Дауге остановился и тяжело оперся на ближайший столик. Он не видел ее лет двадцать, но сразу узнал. В горле у него стало сухо и горько.
— Что с вами, дядя Гриша? — встревоженно спросил Быков-младший.
Дауге выпрямился.
— Это моя жена, — сказал он спокойно. — Пойдем.
«Какая еще жена?» — подумал Гриша с испугом.
— Может быть, мне пойти подождать в машине? — спросил он.
— Чепуха, чепуха, — сказал Дауге. — Пойдем.
Они подошли к столику.
— Здравствуй, Маша, — произнес Дауге.
Женщина подняла голову. Глаза ее расширились. Она медленно откинулась на спинку стула.
— Ты… не улетел? — сказала она.
— Нет.
— Ты полетишь позже?
— Нет. Я остаюсь.
Она продолжала глядеть на него широко раскрытыми глазами. Ресницы у нее были сильно накрашены. Под глазами сеть морщинок. И много морщинок на шее.
— Что значит — остаешься? — недоверчиво спросила она.
Он взялся за спинку стула.
— Можно нам посидеть с тобой? — спросил он. — Это Гриша Быков. Сын Быкова.
Тогда она улыбнулась Грише той самой привычно-обещающей ослепительной улыбкой, которую так ненавидел Дауге.
— Очень рада, — сказала она. — Садитесь, мальчики.
Гриша и Дауге сели.
— Меня зовут Мария Сергеевна, — сказала она, разглядывая Гришу. — Я сестра Владимира Сергеевича Юрковского.
Гриша опустил глаза и слегка поклонился.
— Я знаю вашего отца, — продолжала она. Она перестала улыбаться. — Я многим ему обязана, Григорий… Алексеевич.
Гриша молчал. Ему было неловко. Он ничего не понимал. Дауге сказал напряженным голосом:
— Что ты будешь пить, Маша?
— Джеймо, — ответила она, ослепительно улыбаясь.

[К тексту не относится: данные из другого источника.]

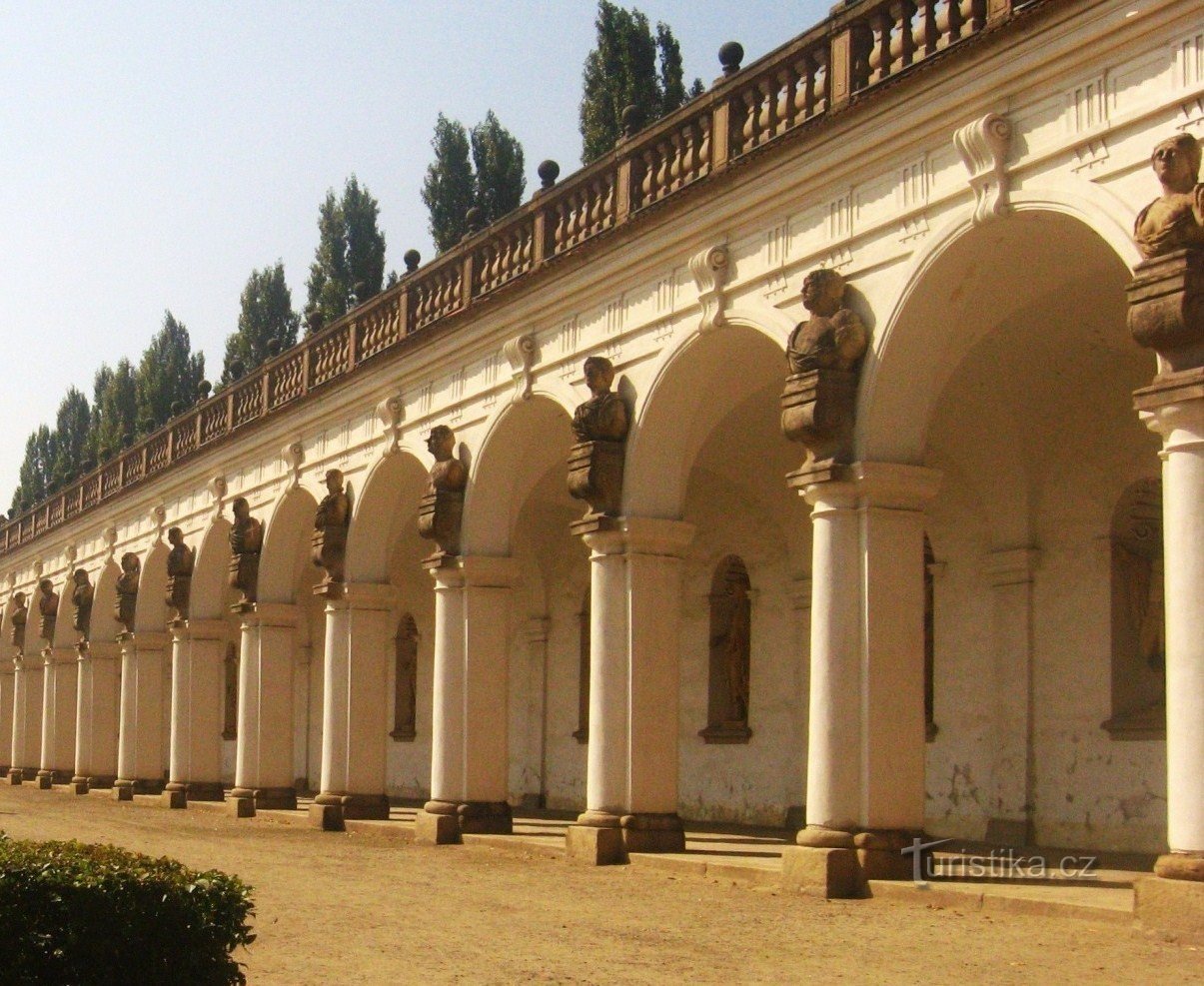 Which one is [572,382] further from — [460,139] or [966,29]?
[460,139]

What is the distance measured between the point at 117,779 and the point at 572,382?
1935 cm

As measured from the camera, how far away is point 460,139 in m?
36.2

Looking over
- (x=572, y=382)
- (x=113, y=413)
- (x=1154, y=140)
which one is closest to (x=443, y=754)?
(x=572, y=382)

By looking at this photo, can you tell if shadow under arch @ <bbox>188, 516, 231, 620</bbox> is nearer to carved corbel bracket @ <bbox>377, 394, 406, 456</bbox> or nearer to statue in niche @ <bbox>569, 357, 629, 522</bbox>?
carved corbel bracket @ <bbox>377, 394, 406, 456</bbox>

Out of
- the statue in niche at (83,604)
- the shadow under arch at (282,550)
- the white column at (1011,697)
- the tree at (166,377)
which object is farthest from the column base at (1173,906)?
the tree at (166,377)

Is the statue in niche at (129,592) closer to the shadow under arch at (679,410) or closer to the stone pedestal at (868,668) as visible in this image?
the shadow under arch at (679,410)

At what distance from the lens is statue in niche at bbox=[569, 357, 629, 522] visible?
17.4 meters

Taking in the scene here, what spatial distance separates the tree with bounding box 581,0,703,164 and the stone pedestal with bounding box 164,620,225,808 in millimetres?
10863

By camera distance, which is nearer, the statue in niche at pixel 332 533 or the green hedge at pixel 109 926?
the green hedge at pixel 109 926

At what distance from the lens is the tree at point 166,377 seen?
181 ft

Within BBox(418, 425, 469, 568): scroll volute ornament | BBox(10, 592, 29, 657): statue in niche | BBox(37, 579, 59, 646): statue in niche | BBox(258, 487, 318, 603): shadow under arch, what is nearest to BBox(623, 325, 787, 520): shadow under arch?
BBox(418, 425, 469, 568): scroll volute ornament

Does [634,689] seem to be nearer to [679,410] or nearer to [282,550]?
[679,410]

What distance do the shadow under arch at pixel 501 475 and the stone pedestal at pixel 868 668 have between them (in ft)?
23.1

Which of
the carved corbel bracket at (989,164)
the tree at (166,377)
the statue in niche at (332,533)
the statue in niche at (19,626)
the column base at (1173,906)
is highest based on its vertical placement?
the tree at (166,377) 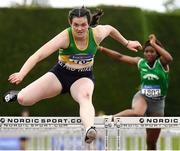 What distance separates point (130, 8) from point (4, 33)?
376 centimetres

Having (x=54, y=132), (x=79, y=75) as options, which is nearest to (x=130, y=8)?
(x=54, y=132)

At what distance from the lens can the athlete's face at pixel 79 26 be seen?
7953 millimetres

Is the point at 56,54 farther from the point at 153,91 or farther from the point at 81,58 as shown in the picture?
the point at 81,58

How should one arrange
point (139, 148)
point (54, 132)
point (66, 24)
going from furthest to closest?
point (66, 24) < point (139, 148) < point (54, 132)

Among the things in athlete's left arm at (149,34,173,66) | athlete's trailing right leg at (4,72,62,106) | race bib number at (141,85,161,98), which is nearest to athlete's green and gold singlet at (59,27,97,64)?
athlete's trailing right leg at (4,72,62,106)

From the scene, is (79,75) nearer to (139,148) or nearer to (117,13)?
(139,148)

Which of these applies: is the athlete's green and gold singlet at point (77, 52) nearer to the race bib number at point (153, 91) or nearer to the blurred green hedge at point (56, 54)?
the race bib number at point (153, 91)

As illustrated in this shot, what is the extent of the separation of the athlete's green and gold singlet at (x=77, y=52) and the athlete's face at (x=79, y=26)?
0.08 metres

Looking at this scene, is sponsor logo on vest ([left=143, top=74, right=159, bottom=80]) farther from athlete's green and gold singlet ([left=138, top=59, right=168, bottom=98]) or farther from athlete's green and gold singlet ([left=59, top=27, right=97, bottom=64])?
athlete's green and gold singlet ([left=59, top=27, right=97, bottom=64])

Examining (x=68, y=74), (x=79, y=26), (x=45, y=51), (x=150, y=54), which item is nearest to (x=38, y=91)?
(x=68, y=74)

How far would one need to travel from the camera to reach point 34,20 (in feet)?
→ 68.6

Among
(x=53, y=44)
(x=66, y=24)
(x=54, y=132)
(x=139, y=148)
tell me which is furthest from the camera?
(x=66, y=24)

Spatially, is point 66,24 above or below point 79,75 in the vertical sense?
above

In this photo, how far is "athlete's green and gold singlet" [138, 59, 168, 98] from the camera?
9.88m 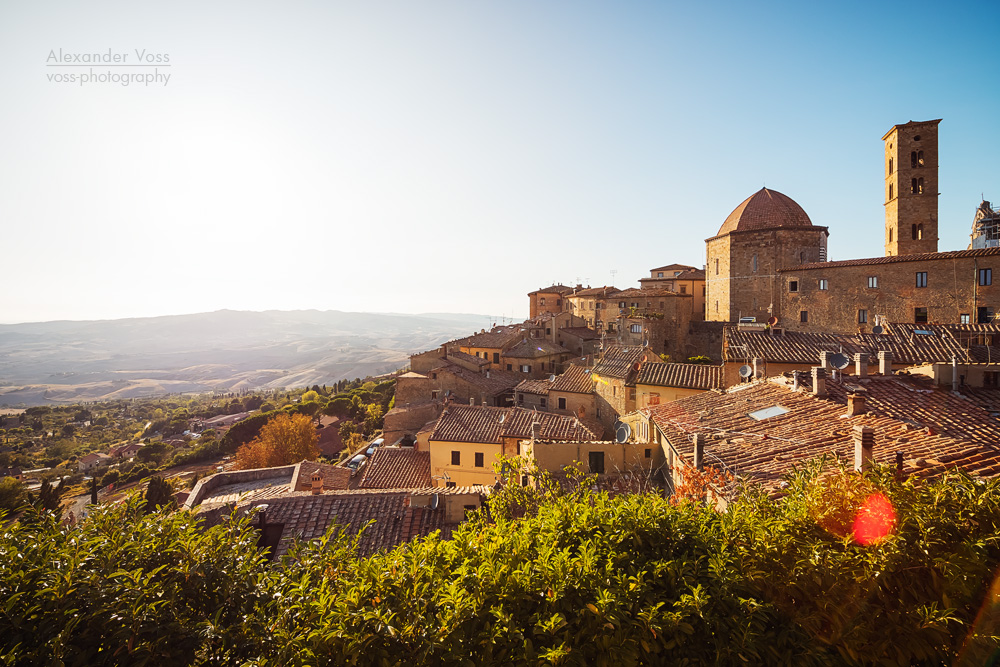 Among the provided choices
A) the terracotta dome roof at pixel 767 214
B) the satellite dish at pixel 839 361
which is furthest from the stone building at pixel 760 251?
the satellite dish at pixel 839 361

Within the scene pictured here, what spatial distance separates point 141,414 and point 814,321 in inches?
4631

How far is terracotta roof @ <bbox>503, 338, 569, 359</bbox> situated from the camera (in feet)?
141

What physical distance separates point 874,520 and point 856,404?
897 centimetres

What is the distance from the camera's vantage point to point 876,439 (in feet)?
29.9

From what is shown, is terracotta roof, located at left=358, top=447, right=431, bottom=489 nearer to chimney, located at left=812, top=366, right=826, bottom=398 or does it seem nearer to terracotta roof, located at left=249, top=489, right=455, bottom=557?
terracotta roof, located at left=249, top=489, right=455, bottom=557

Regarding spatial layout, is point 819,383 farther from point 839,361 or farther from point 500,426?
point 500,426

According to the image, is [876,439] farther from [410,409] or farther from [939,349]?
[410,409]

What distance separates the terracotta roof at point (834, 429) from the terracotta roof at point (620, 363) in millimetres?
9829

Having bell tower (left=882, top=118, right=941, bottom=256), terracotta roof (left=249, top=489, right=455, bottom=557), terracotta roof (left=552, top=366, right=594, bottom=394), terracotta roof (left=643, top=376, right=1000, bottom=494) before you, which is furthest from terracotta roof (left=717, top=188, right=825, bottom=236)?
terracotta roof (left=249, top=489, right=455, bottom=557)

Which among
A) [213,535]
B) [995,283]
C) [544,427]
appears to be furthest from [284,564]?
[995,283]

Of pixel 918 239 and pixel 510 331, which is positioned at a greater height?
pixel 918 239

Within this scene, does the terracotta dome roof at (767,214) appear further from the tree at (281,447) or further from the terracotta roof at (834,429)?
the tree at (281,447)

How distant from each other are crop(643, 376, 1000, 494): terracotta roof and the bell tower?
33.0m

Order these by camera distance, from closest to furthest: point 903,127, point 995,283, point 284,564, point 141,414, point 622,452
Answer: point 284,564, point 622,452, point 995,283, point 903,127, point 141,414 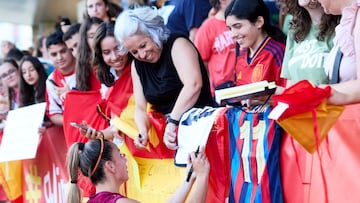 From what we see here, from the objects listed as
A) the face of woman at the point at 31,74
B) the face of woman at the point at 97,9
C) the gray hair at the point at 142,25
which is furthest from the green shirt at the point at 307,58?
the face of woman at the point at 31,74

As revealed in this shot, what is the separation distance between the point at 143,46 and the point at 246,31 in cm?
65

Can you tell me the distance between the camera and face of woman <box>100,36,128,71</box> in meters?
4.64

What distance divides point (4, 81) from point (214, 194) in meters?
4.00

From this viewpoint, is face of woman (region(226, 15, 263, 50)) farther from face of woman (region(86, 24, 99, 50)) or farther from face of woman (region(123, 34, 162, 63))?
face of woman (region(86, 24, 99, 50))

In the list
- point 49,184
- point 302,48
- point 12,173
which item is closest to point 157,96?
point 302,48

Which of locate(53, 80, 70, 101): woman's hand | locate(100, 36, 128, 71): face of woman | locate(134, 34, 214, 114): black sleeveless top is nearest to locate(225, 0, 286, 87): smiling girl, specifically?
locate(134, 34, 214, 114): black sleeveless top

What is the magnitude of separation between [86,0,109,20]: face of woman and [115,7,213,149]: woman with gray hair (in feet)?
6.22

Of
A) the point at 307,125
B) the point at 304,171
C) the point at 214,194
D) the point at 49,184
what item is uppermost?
the point at 307,125

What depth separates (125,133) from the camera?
14.6ft

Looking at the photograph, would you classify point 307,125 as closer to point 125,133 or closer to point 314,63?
point 314,63

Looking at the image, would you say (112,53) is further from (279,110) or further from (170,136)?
(279,110)

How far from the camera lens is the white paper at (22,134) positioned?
18.1 ft

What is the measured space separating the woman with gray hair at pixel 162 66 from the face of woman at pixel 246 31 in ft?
1.07

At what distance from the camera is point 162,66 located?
13.3 ft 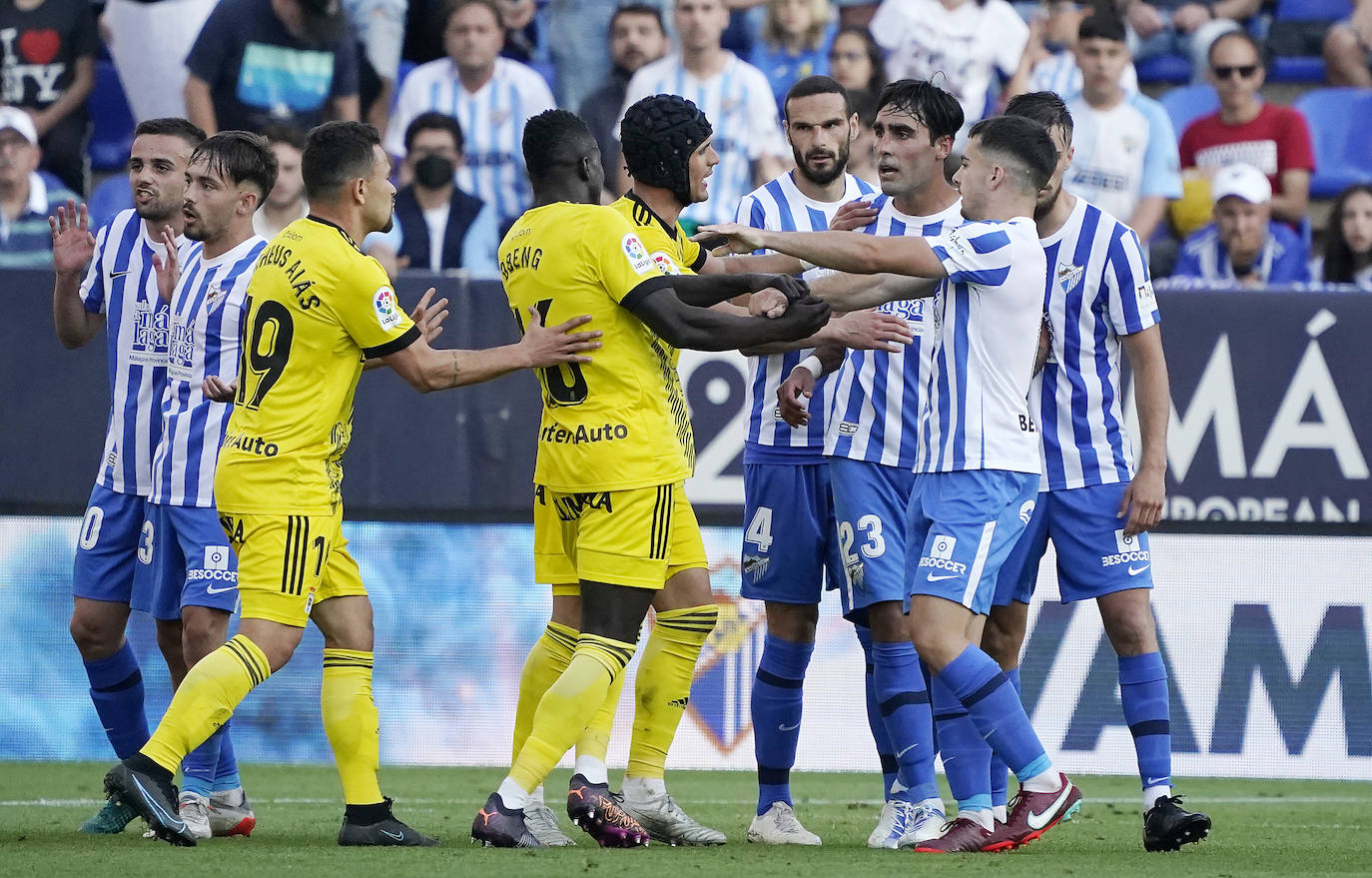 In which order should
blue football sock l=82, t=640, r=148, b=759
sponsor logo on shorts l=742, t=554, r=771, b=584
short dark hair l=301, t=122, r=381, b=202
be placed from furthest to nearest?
blue football sock l=82, t=640, r=148, b=759
sponsor logo on shorts l=742, t=554, r=771, b=584
short dark hair l=301, t=122, r=381, b=202

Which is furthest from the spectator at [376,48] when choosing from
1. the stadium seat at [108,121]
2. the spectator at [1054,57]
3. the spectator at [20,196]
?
the spectator at [1054,57]

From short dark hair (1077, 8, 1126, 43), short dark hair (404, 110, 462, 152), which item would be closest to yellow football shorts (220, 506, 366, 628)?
short dark hair (404, 110, 462, 152)

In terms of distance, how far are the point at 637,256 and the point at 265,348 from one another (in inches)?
46.9

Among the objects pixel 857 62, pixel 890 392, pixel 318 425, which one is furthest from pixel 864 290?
pixel 857 62

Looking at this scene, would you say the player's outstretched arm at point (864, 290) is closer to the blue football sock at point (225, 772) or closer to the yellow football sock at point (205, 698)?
the yellow football sock at point (205, 698)

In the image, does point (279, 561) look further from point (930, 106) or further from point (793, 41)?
point (793, 41)

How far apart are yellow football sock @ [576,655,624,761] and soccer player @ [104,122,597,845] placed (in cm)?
57

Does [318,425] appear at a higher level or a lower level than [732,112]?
lower

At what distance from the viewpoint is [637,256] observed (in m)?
5.61

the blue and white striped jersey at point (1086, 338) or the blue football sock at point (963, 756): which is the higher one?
the blue and white striped jersey at point (1086, 338)

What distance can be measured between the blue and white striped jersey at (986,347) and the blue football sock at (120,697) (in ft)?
9.99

— Это очень крепко? — спросил Дауге. — Впрочем, все равно. Гриша, принеси, пожалуйста, два джеймо.
Он смотрел на нее, на гладкие загорелые руки, на открытые гладкие загорелые плечи, на легкое светлое платье с чуть-чуть слишком глубоким вырезом. Она изумительно сохранилась для своих лет, и даже косы остались совершенно те же, тяжелые, толстые косы, каких давно уже никто не носит, бронзовые, без единого седого волоса, уложенные вокруг головы. Он усмехнулся, медленно расстегнул плотный теплый плащ и стащил плотный теплый шлем с наушниками. У нее дрогнуло лицо, когда она увидела его голый череп с редкой серебристой щетиной возле ушей. Он снова усмехнулся.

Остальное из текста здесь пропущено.